Requirement:
Please reproduce the lines from the one containing "Game screenshot Pockey Match mod apk" through the end of the data below exactly as they stand, and omit all pictures.

Data to use:
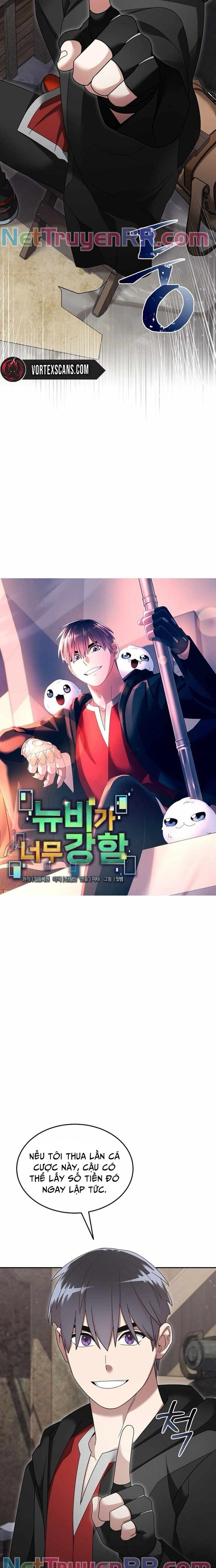 Người Mới Này Quá Mạnh Chapter 120 - 9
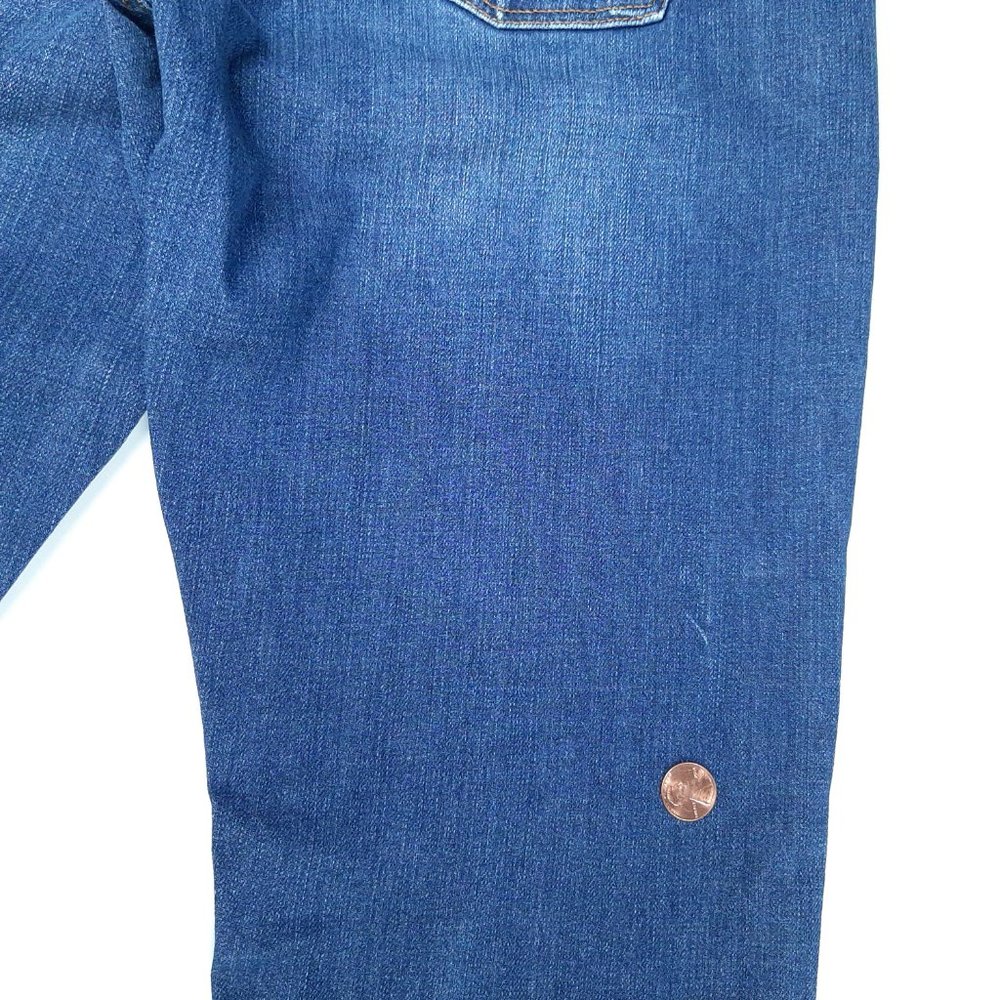 Lucky Brand Sofia Boot Jeans - Picture 10 of 10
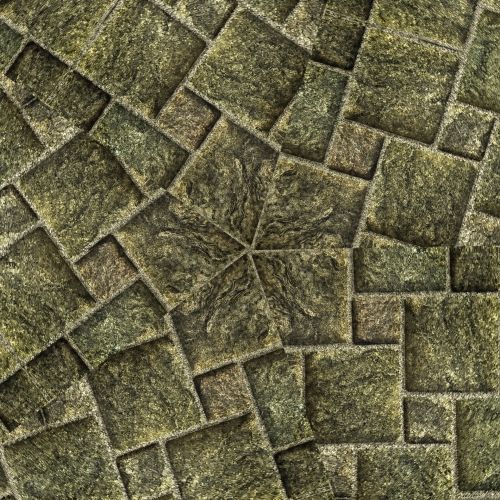 Ancient Tiles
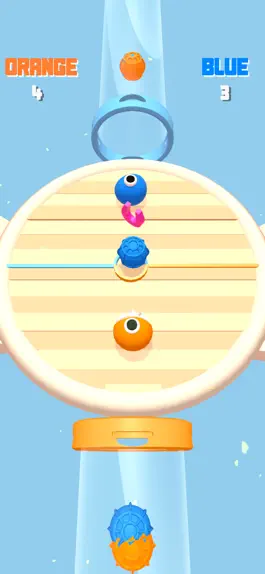 Game screenshot Pockey Match mod apk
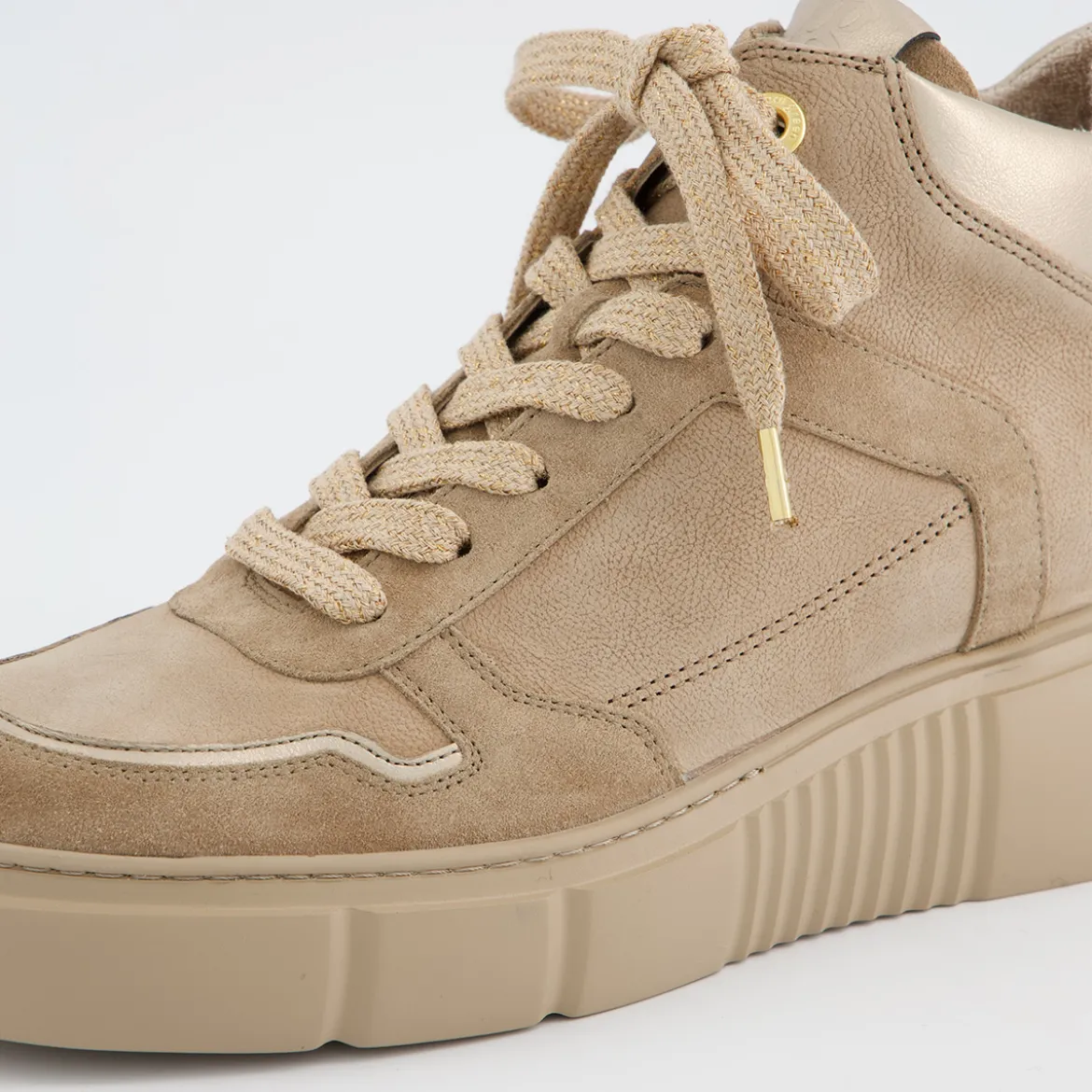 Hightop-Sneaker 5407-048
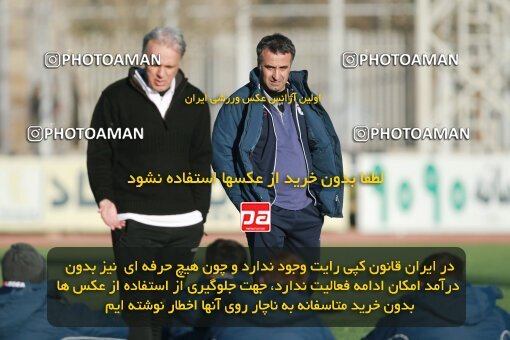 1939603, Tehran, Iran, Practical friendly match، Iran 0 - 0 پارسه تهران on 2016/01/13 at Iran National Football Center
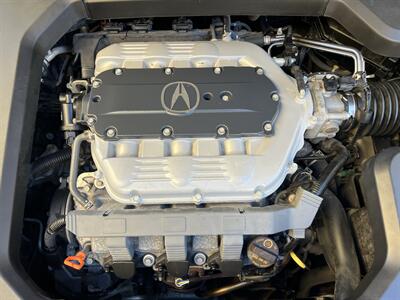 2013 Acura TL W/TECH LTHR S/R HTD SEATS NAV CAM XM ONLY 81K MLS - Photo 13 - Houston, TX 77031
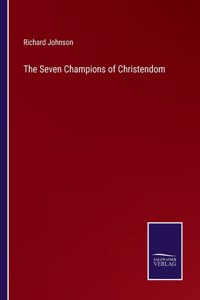 Seven Champions of Christendom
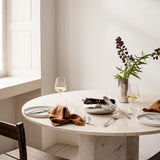 Cobra by Georg Jensen Stainless Steel Salad Serving Set 2pc Modern - Vtg NOS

Output for this exercise:
 Game screenshot Pockey Match mod apk
 Hightop-Sneaker 5407-048
 1939603, Tehran, Iran, Practical friendly match، Iran 0 - 0 پارسه تهران on 2016/01/13 at Iran National Football Center
 2013 Acura TL W/TECH LTHR S/R HTD SEATS NAV CAM XM ONLY 81K MLS - Photo 13 - Houston, TX 77031
 Seven Champions of Christendom
 Cobra by Georg Jensen Stainless Steel Salad Serving Set 2pc Modern - Vtg NOS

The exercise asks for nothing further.